🛠️ Tools Reference

AutoprognosisClassification

Uses the AutoPrognosis 2.0 library to automatically run a classification study on your data and returns and evaluates the best model

AutoprognosisClassificationTrainTest

Uses the AutoPrognosis 2.0 library to automatically run a classification study on your data and returns and evaluates the best model

AutoprognosisExplainerInvase

Uses the INVASE algorithm to generate feature importance explanations for your AutoPrognosis model. For risk estimation, the evaluation time horizons (25th, 50th, and 75th percentiles) are computed automatically from the provided time variable.

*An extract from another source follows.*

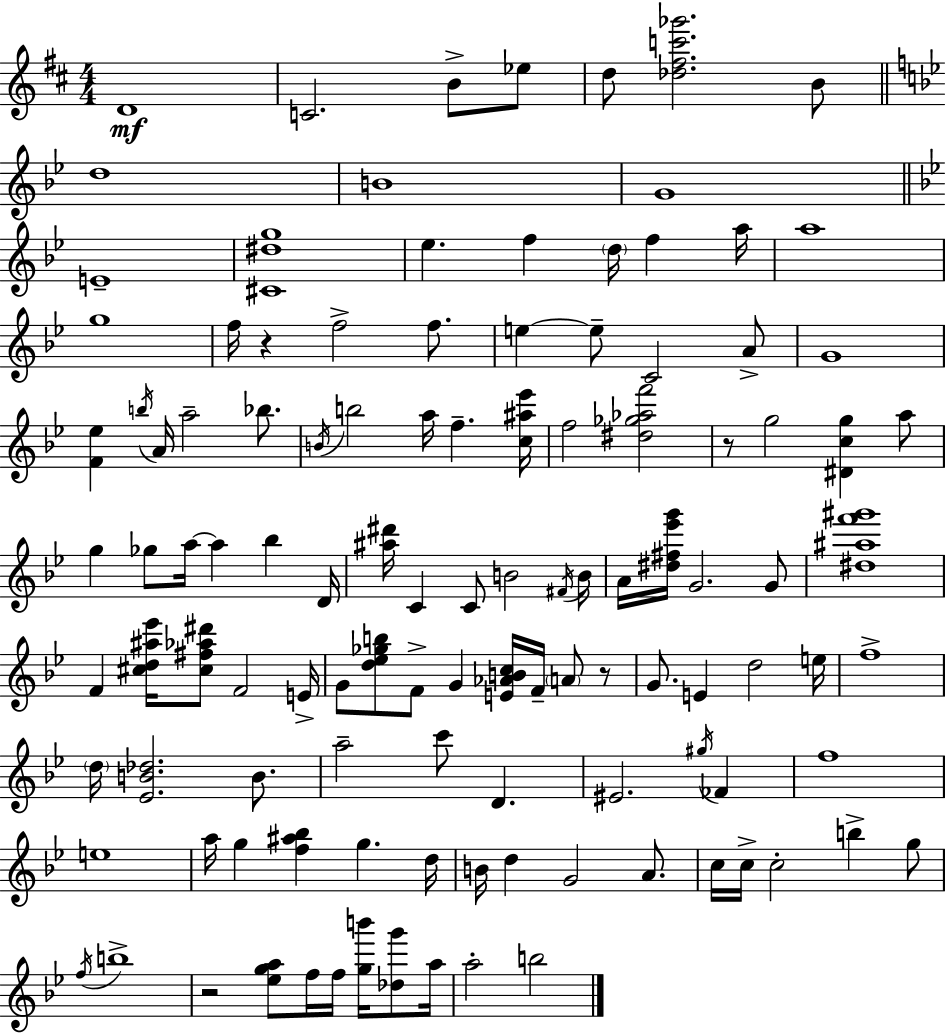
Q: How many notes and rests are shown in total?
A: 115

AutoprognosisExplainerSymbolicPursuit

Uses the Symbolic Pursuit algorithm to generate an interpretable, symbolic explanation for your AutoPrognosis model. For risk estimation tasks, the evaluation time horizons (25th, 50th, and 75th percentiles) are computed automatically from the provided time variable.

AutoprognosisRegression

Uses the AutoPrognosis 2.0 library to automatically run a regression study on your data and returns and evaluates the best model

AutoprognosisRegressionTrainTest

Uses the AutoPrognosis 2.0 library to automatically run a regression study on your data and returns and evaluates the best model

AutoprognosisSubgroupEvaluation

Uses the AutoPrognosis 2.0 library to automatically run a subgroup evaluation of your data and returns the evaluation results

AutoprognosisSurvival

Uses the AutoPrognosis 2.0 library to automatically run a survival analysis study on your data and returns and evaluates the best model

AutoprognosisSurvivalTrainTest

Uses the AutoPrognosis 2.0 library to automatically run a survival analysis study on your data and returns and evaluates the best model

BalanceData

Uses the balance_data tool to rebalance target distribution of the data.

BorutaFeatureSelection

Uses the automated feature selection library to automatically find the most important features in your data.

CleanlabOutlierDetection

Identifies and removes outliers from a dataset

ConformalPrediction

Applies conformal prediction on a pre-trained model and returns prediction intervals or sets.

DataIQInsights

Provides insights for your classification task - which samples were ‘easy’, ‘hard’ or ‘ambiguous’ for classification.

DataSuiteInsights

Uses the data_suite_insights tool to gain insights regions of the dataset that the model may perform poorly on. The tool provides exemplar records that the user may want to collect more records similar to in order to improve the model’s performance.

DescriptiveStatistics

Produce medical paper -style descriptive statistics table for the dataset.

ExploratoryDataAnalysis

Performs exploratory data analysis on your data, providing a summary of its characteristics.

FeatureExtractionFromText

Uses an LLM to extract the features from free text fields.

HardwareInfo

Gather information about your hardware (CPU, RAM, and GPU).

HyperImputeImputation

Uses the HyperImpute library to automatically impute missing values in your data.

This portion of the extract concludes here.